Private Krankenversicherung
Freiberufler, Selbstständige und Beamte können sich in einer privaten Krankenkasse krankenversichern, und zwar unabhängig von der Höhe des Einkommens. Angestellte und Arbeitnehmer hingegen sind in der Regel gesetzlich krankenversichert. Es gilt jedoch hierfür eine Einkommensgrenze, bzw. die Beitragsbemessungsgrenze.
Diese liegt bei ca 4000 Euro monatlich für Arbeitnehmer, wird aber regelmäßig etwas höher angesetzt. Wessen Verdienst oberhalb der Beitragsbemessungsgrenze liegt, darf auch als Arbeitnehmer in eine private Krankenkasse wechseln. Als Grundlage dieser Berechnung gilt das durchschnittliche Jahresgehalt inklusive Urlaubsgeld und Weihnachtsgeld. Taucht ein Dienstwagen in der Gehaltsabrechnung auf, der auch privat genutzt werden darf, so wird auch dieser als geldwerter Vorteil in die Berechnungsgrundlage mit einbezogen.

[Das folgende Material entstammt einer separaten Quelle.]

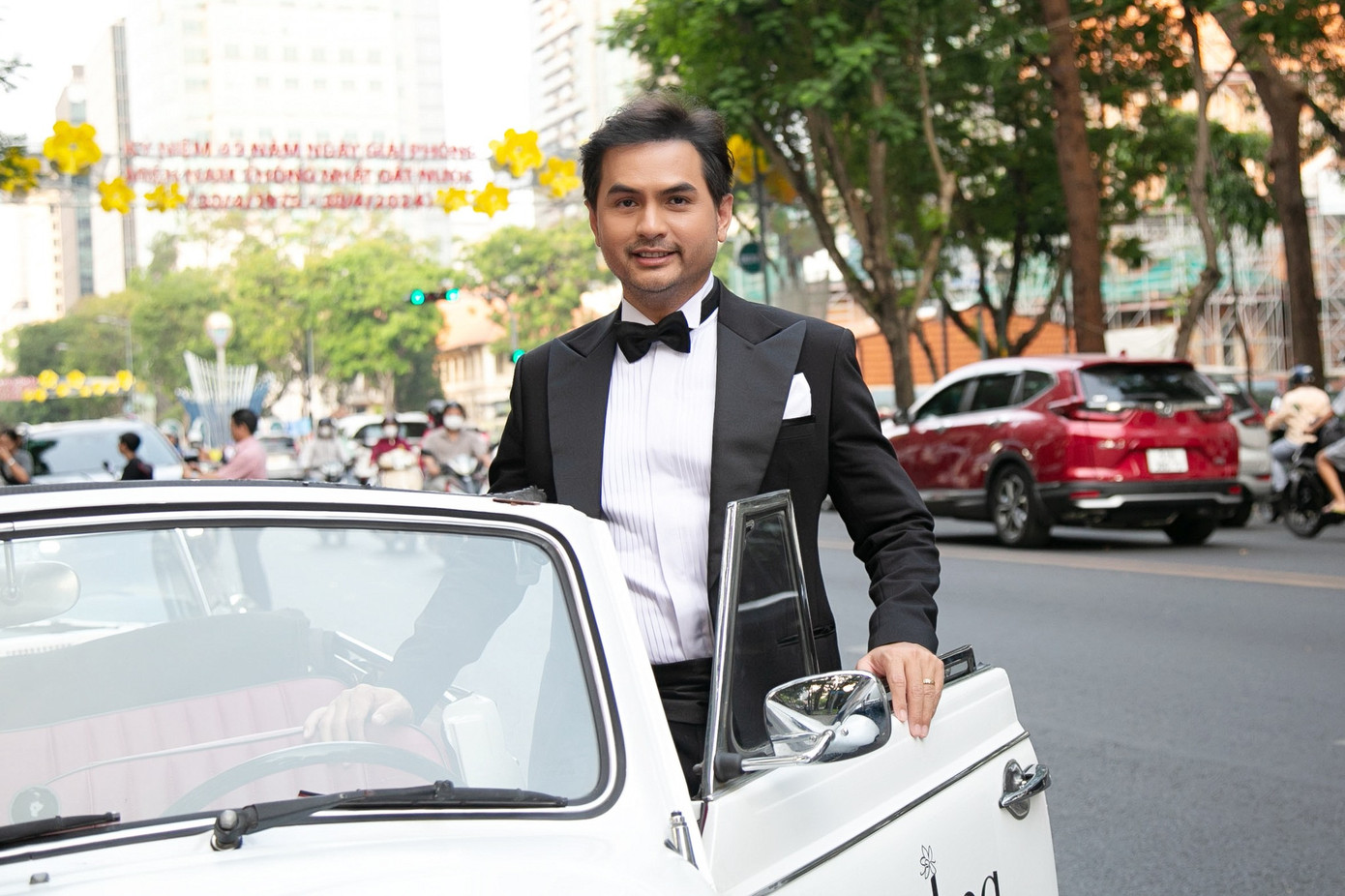 Hình ảnh Đức Tiến dự Liên hoan phim Quốc tế TPHCM tại Việt Nam hồi tháng 4. Hình ảnh Đức Tiến dự Liên hoan phim Quốc tế TPHCM tại Việt Nam hồi tháng 4.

Der Wechsel in eine private Krankenversicherung kann sich durchaus lohnen. Die Höhe der monatlichen Beiträge der gesetzlichen Krankenkasse errechnet sich prozentual aus dem Gehalt, das heißt, je höher das Gehalt, um so höher der Krankenkassenbeitrag.
In der privaten Krankenversicherung hingegen (PKV) errechnet sich der Beitragssatz aus dem Lebensalter, dem Geschlecht und dem Versicherungsrisiko. Über die gesetzliche Krankenversicherung hingegen sind sämtliche Familienmitglieder ohne eigenes Einkommen kostenlos mitversichert, in der privaten Krankenversicherung wird für jedes versicherte Mitglied – auch für ein eigenes Kind – ein Beitrag errechnet, der geleistet werden muss.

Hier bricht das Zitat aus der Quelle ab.